> **Exercise objective**
An exact copy of all the data, minus the images, is required.

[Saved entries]
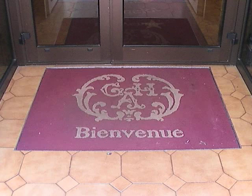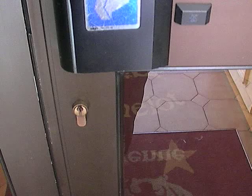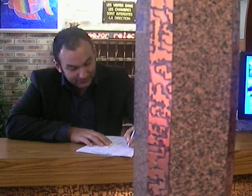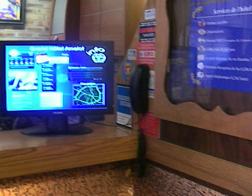We are at the entrance door of the Grand Hotel Amelon. Come with me to visit the reception and hall. Next to the reception, there is a screen with all the information you need — weather report and everything to help you visit Paris.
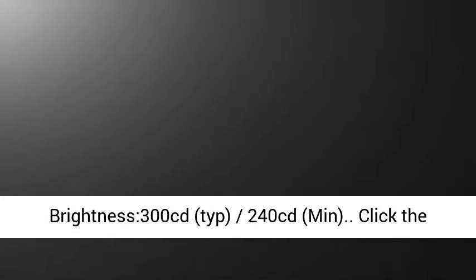On Screen Control. Brightness 300 candelas typical, 240 candelas minimum.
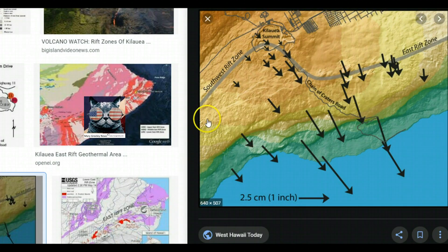If you do a Google search for the Southwest Rift Zone, you'll find an image from West Hawaii Today. It shows you the direction and how much has slid, and which areas are sliding more than others. There's Kilauea Summit — some are just short little movements, but down here along the coast, it's moving a lot faster.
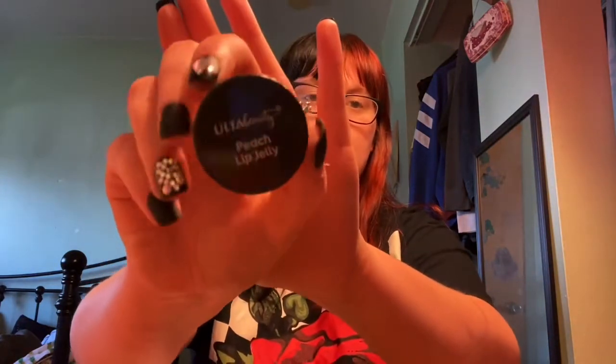It smells amazing. I know I just put lip gloss on, but I just love it. And then with that kit, it also came with the peach lip jelly — kind of like chapstick. I love the color because I like the color peach as well.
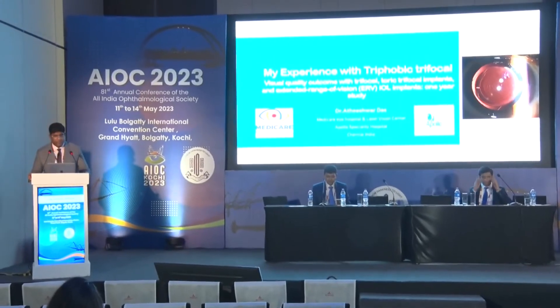Chairing the proceedings, we have none other than Dr. Atishwar Das, who will be talking about the wonderful new trifocal lens from Care Group called the Trifobic. Good afternoon, everyone. I'm going to share here my experience with Trifobic Trifocal and the newly introduced AccraVision Trifocal.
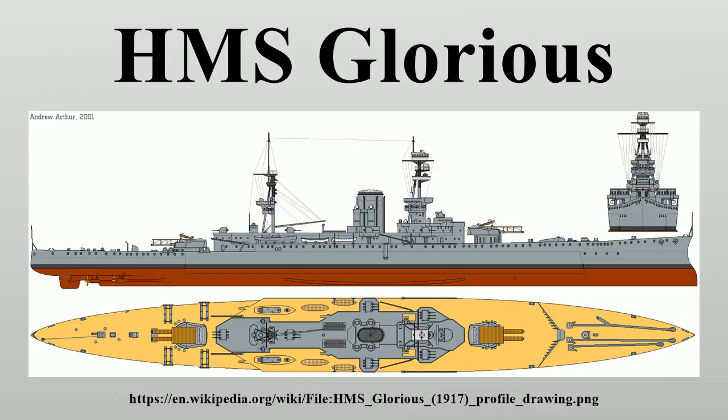Her keel was laid down on 1 May 1915 by Harland and Wolff at their Belfast shipyard. Glorious was launched on 20 April 1916 and completed on 14 October 1916. During sea trials in November 1916, Courageous sustained structural damage while running at full speed in a rough head sea and had the damaged area stiffened shortly afterwards. Glorious did not suffer any similar damage and did not receive her stiffening until 1918.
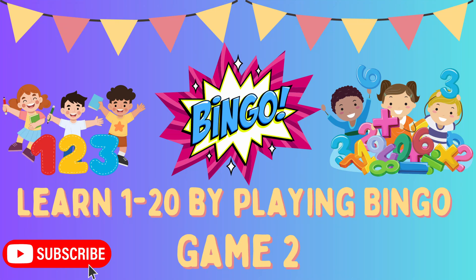Hi everyone, it's JJ. Today we're going to be playing numbers 1 through 20, Bingo!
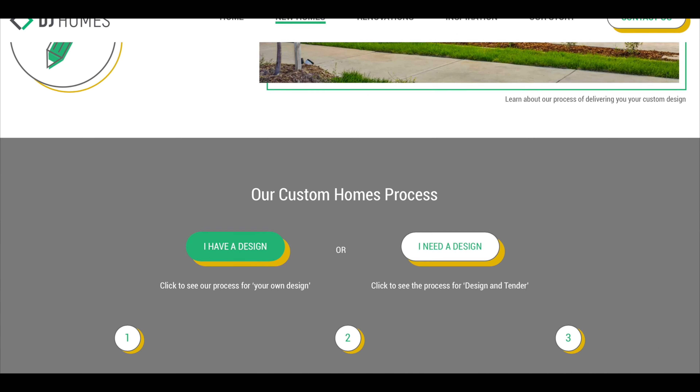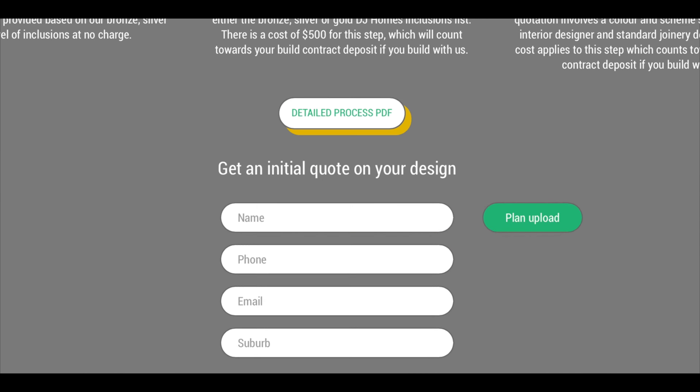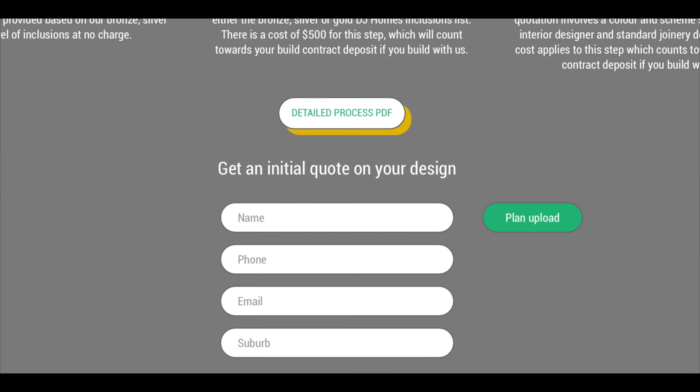If you've already got plans from your architect, we can provide you with an initial estimate and then a comprehensive fixed quote with your inclusions, or simply upload your plans to our website and we'll be in contact to discuss further.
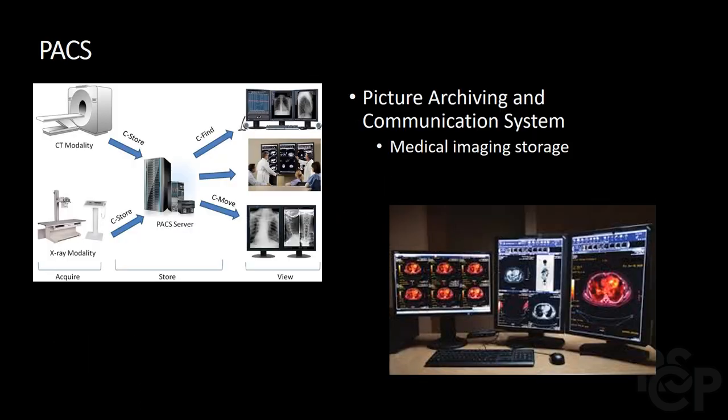In the 1980s, the picture archiving and communication system, as well as computed radiography, were developed. This allowed images to be converted to electronic signals and stored in computers without the use of traditional film. The transition from computed radiography, where a cassette is used to convert images to an electronic signal, was made obsolete and replaced with direct digital imaging, where images are directly captured by electronic elements with no intermediate step.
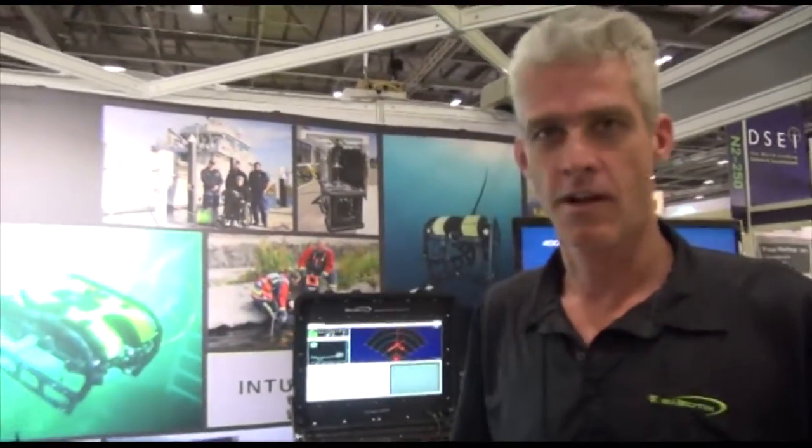This is Xavier from Navy Recognition reporting from DSEI 2014 in London, UK. We are now on the exhibit of US-based company Seabotix with Sean Newsom, Global Business Development Manager at Seabotix, who will introduce a few of his products on the show here at DSEI 2014.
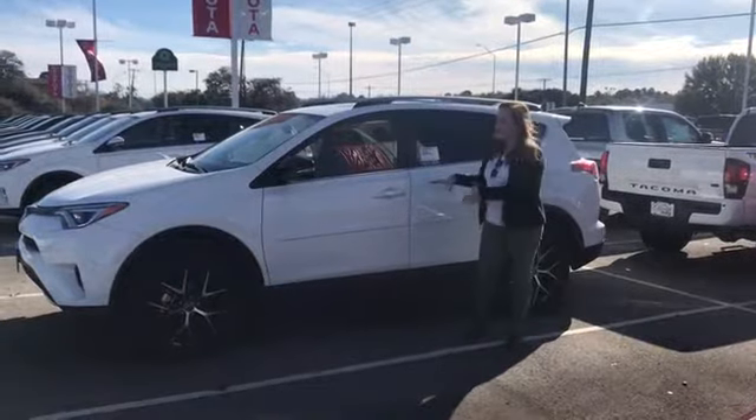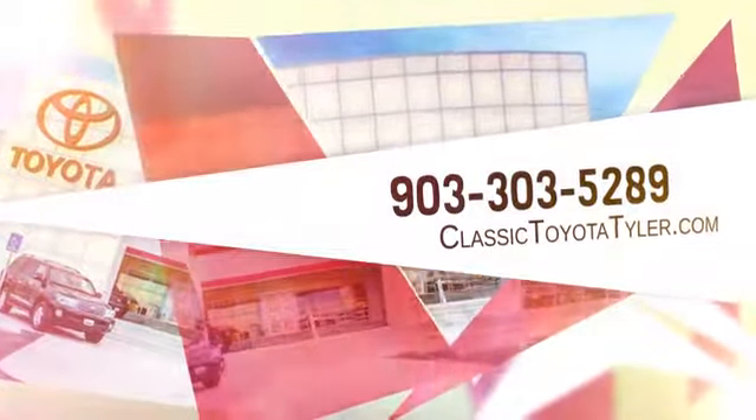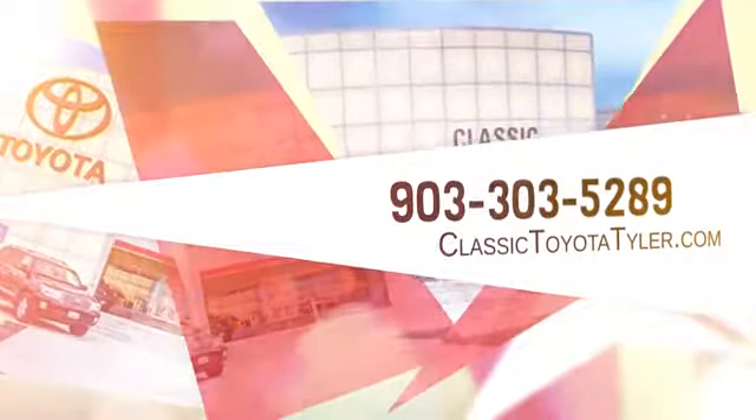Come on down and get you one of these RAV4s. We'll be right back.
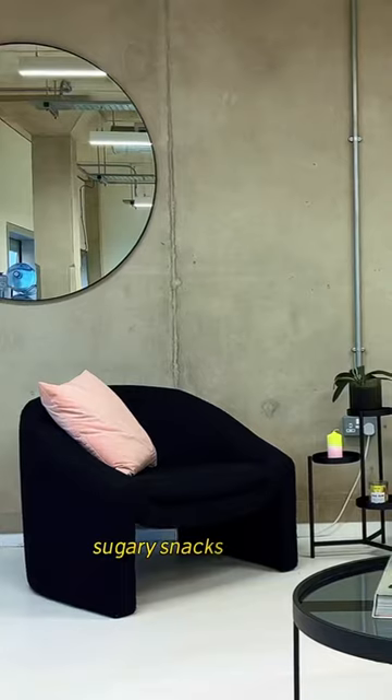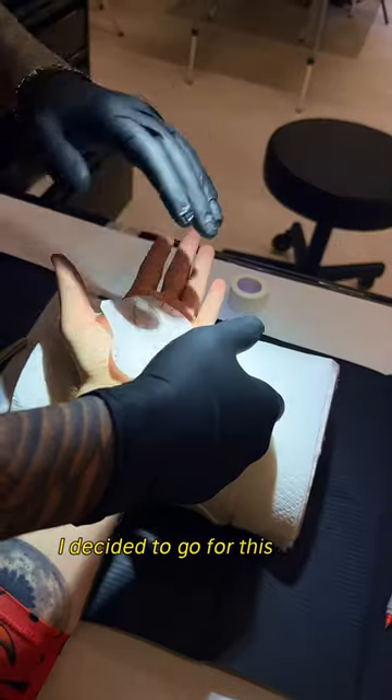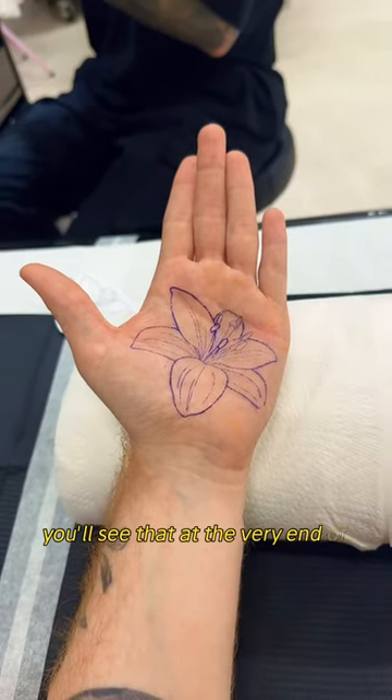So I arrived at the studio, sugary snacks in hand, and straight away got to picking out the design. I decided to go for a single lily on the middle of my palm so that it would match the other tattoo that I have on my other hand — you'll see that at the very end of this video.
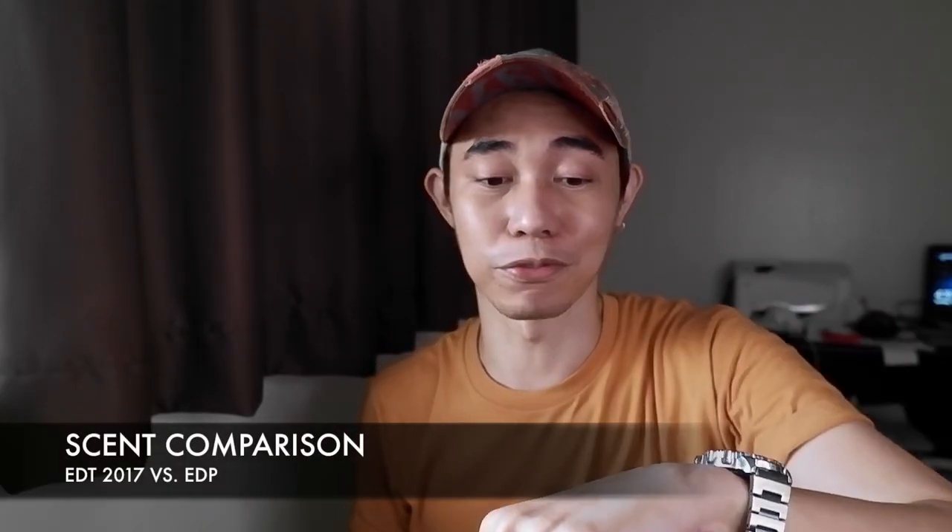Now let's get into the scent comparison. On the Eau de Toilette top notes, I'm getting that very citric lemon, semi-dirty, ashy opening. This is one of the gripes of users — they have to let it settle for 30 minutes before going outside. Compared to the Eau de Parfum, it's brighter and heavier on the citrus. The birch is still there, but there's an abundance of citrus notes — the bright lemony notes of the EDP overwhelm the smoke, giving the illusion that the birch has been toned down. With the Eau de Parfum, you can just spray it and not worry about that harsh synthetic opening.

> **Your solution**
We are at the entrance door of the Grand Hotel Amelon. Come with me to visit the reception and hall. Next to the reception, there is a screen with all the information you need — weather report and everything to help you visit Paris.
On Screen Control. Brightness 300 candelas typical, 240 candelas minimum.
If you do a Google search for the Southwest Rift Zone, you'll find an image from West Hawaii Today. It shows you the direction and how much has slid, and which areas are sliding more than others. There's Kilauea Summit — some are just short little movements, but down here along the coast, it's moving a lot faster.
It smells amazing. I know I just put lip gloss on, but I just love it. And then with that kit, it also came with the peach lip jelly — kind of like chapstick. I love the color because I like the color peach as well.
Chairing the proceedings, we have none other than Dr. Atishwar Das, who will be talking about the wonderful new trifocal lens from Care Group called the Trifobic. Good afternoon, everyone. I'm going to share here my experience with Trifobic Trifocal and the newly introduced AccraVision Trifocal.
Her keel was laid down on 1 May 1915 by Harland and Wolff at their Belfast shipyard. Glorious was launched on 20 April 1916 and completed on 14 October 1916. During sea trials in November 1916, Courageous sustained structural damage while running at full speed in a rough head sea and had the damaged area stiffened shortly afterwards. Glorious did not suffer any similar damage and did not receive her stiffening until 1918.
Hi everyone, it's JJ. Today we're going to be playing numbers 1 through 20, Bingo!
If you've already got plans from your architect, we can provide you with an initial estimate and then a comprehensive fixed quote with your inclusions, or simply upload your plans to our website and we'll be in contact to discuss further.
In the 1980s, the picture archiving and communication system, as well as computed radiography, were developed. This allowed images to be converted to electronic signals and stored in computers without the use of traditional film. The transition from computed radiography, where a cassette is used to convert images to an electronic signal, was made obsolete and replaced with direct digital imaging, where images are directly captured by electronic elements with no intermediate step.
This is Xavier from Navy Recognition reporting from DSEI 2014 in London, UK. We are now on the exhibit of US-based company Seabotix with Sean Newsom, Global Business Development Manager at Seabotix, who will introduce a few of his products on the show here at DSEI 2014.
Come on down and get you one of these RAV4s. We'll be right back.
So I arrived at the studio, sugary snacks in hand, and straight away got to picking out the design. I decided to go for a single lily on the middle of my palm so that it would match the other tattoo that I have on my other hand — you'll see that at the very end of this video.
Now let's get into the scent comparison. On the Eau de Toilette top notes, I'm getting that very citric lemon, semi-dirty, ashy opening. This is one of the gripes of users — they have to let it settle for 30 minutes before going outside. Compared to the Eau de Parfum, it's brighter and heavier on the citrus. The birch is still there, but there's an abundance of citrus notes — the bright lemony notes of the EDP overwhelm the smoke, giving the illusion that the birch has been toned down. With the Eau de Parfum, you can just spray it and not worry about that harsh synthetic opening.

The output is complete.